Retype the records below from their first line through the line containing "D57 - Appartments", and include nothing else.

::: Records to process :::

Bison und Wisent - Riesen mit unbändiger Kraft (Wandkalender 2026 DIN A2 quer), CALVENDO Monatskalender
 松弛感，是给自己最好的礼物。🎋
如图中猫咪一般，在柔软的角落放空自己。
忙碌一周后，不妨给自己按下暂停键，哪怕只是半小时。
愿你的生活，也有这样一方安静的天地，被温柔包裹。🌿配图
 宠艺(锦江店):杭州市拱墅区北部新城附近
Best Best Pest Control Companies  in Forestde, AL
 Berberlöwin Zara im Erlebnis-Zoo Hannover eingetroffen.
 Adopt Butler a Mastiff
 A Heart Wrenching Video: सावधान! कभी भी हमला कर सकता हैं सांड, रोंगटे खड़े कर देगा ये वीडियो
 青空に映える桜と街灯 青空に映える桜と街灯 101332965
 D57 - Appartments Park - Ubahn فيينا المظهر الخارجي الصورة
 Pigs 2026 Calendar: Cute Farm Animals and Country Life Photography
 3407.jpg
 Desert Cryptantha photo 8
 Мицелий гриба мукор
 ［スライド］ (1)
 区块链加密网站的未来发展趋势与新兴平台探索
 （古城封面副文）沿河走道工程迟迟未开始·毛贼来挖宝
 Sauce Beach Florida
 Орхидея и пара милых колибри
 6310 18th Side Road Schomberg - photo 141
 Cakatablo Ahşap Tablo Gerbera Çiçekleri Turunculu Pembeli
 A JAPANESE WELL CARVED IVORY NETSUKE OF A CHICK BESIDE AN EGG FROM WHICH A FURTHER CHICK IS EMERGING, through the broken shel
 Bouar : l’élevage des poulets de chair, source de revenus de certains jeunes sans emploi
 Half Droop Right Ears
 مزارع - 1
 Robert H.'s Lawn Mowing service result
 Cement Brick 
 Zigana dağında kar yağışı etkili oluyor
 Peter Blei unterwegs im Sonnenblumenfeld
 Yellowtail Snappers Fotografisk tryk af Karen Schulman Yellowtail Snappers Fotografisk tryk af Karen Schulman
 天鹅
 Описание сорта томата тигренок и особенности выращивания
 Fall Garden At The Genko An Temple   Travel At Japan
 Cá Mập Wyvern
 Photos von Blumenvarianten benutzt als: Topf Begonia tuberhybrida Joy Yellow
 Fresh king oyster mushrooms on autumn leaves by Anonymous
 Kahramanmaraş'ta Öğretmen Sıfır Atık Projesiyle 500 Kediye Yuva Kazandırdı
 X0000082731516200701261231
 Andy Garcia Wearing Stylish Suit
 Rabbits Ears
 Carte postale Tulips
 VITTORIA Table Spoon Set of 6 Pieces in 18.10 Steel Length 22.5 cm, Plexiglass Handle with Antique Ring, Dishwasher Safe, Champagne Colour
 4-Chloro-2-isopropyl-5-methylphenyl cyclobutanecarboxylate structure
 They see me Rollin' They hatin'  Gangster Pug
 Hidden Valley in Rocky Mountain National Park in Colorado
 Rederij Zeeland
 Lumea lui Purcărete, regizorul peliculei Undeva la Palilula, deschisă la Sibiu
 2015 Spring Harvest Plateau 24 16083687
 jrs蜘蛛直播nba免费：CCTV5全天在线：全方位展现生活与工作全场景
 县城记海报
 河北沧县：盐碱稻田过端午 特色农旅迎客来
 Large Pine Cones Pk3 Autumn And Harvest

:::

> _Your response_
Bison und Wisent - Riesen mit unbändiger Kraft (Wandkalender 2026 DIN A2 quer), CALVENDO Monatskalender
 松弛感，是给自己最好的礼物。🎋
如图中猫咪一般，在柔软的角落放空自己。
忙碌一周后，不妨给自己按下暂停键，哪怕只是半小时。
愿你的生活，也有这样一方安静的天地，被温柔包裹。🌿配图
 宠艺(锦江店):杭州市拱墅区北部新城附近
Best Best Pest Control Companies  in Forestde, AL
 Berberlöwin Zara im Erlebnis-Zoo Hannover eingetroffen.
 Adopt Butler a Mastiff
 A Heart Wrenching Video: सावधान! कभी भी हमला कर सकता हैं सांड, रोंगटे खड़े कर देगा ये वीडियो
 青空に映える桜と街灯 青空に映える桜と街灯 101332965
 D57 - Appartments Park - Ubahn فيينا المظهر الخارجي الصورة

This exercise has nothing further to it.